Diese Zahl ist dem NDC (nationally determined contribution)-Bericht der UN, also dem Bericht über die national festgelegten Beiträge der Staaten zur Treibhausgasreduktion, zu entnehmen, der am 17. September veröffentlicht wurde. Darin werden die im Vorfeld der Weltklimakonferenz von Glasgow aktualisierten NDCs ausgewertet.

Kombiniert mit den Szenarien des letzten IPPC-Berichtes lässt sich aus den Angaben der Staaten errechnen, dass sich die Welt auf einem Erwärmungspfad von 2,7 Grad (2,1 bis 3,5 Grad) bis zum Ende des Jahrhunderts befindet. Statt zu sinken, wie eigentlich notwendig, um 1,5 oder auch zwei Grad einzuhalten, würden die Emissionen bis 2030 auch mit Umsetzung der neu eingereichten NDC weiter steigen.
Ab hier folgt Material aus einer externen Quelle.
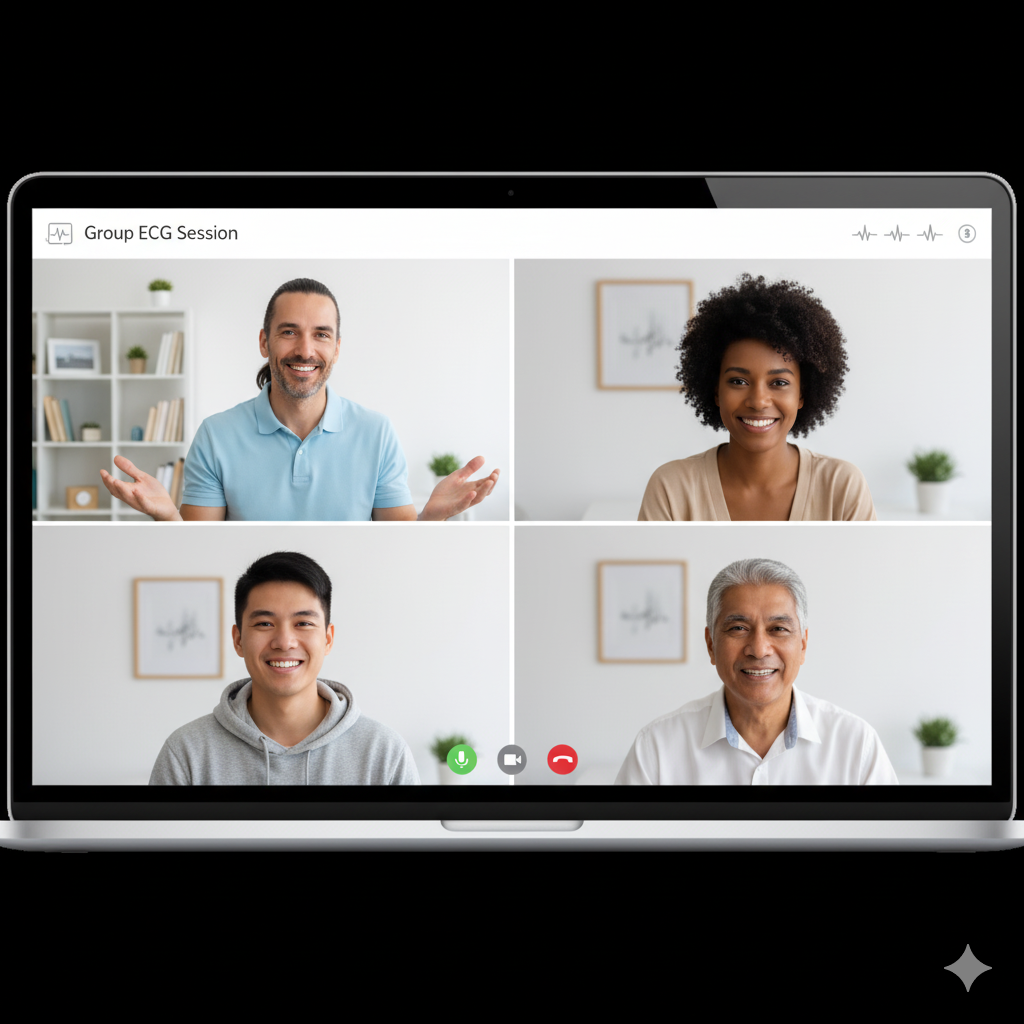 Screenshot of a virtual group ECG session on a laptop with four diverse participants: a man in a blue polo shirt, a woman with curly hair in a beige top, a young man in a gray hoodie, and an older man with gray hair in a white shirt, all smiling in their home settings.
Das Gesamtniveau der globalen Treibhausgasemissionen im Jahr 2030 wird unter Berücksichtigung der Umsetzung aller aktuellen NDCs voraussichtlich um 16,3 Prozent über dem Niveau von 2010 liegen. Gemäß SR1.5 (IPCC-Sonderbericht über 1,5 Grad globale Erwärmung, Anm. d. Verfasserin) müssen die globalen anthropogenen Netto-CO2-Emissionen bis 2030 um etwa 45 Prozent gegenüber dem Stand von 2010 bis 2030 sinken und um 2050 netto null erreichen, um globale Nettoemissionspfade mit keiner oder einer begrenzten Überschreitung des 1,5 °C-Ziels einhalten zu können. Zur Begrenzung der globalen Erwärmung auf unter 2 °C müssen die CO2 -Emissionen bis 2030 um etwa 25 Prozent gegenüber dem Stand von 2010 sinken und um 2070 netto null erreichen.

UN-Bericht

Vereinfacht gesagt: Die Entwicklung der CO2-Emissionen läuft drastisch in die falsche Richtung. Wenn man ein Restbudget von CO2 bis zum Erreichen einer 1,5-Grad-Grenze ansetzt, dann wäre dieses bis 2030 zu 89 Prozent aufgebraucht, oder in absoluten Zahlen: das Restbudget betrüge 2030 noch 55 Gigatonnen, so viel, wie die Menschheit momentan in einem Jahr emittiert.

Dies alles führt die UN zu dem Schluss, dass die nationalen Beiträge zwischen jetzt und 2030 noch wesentlich verschärft werden müssten oder die Staaten ihre Beiträge übererfüllen müssten.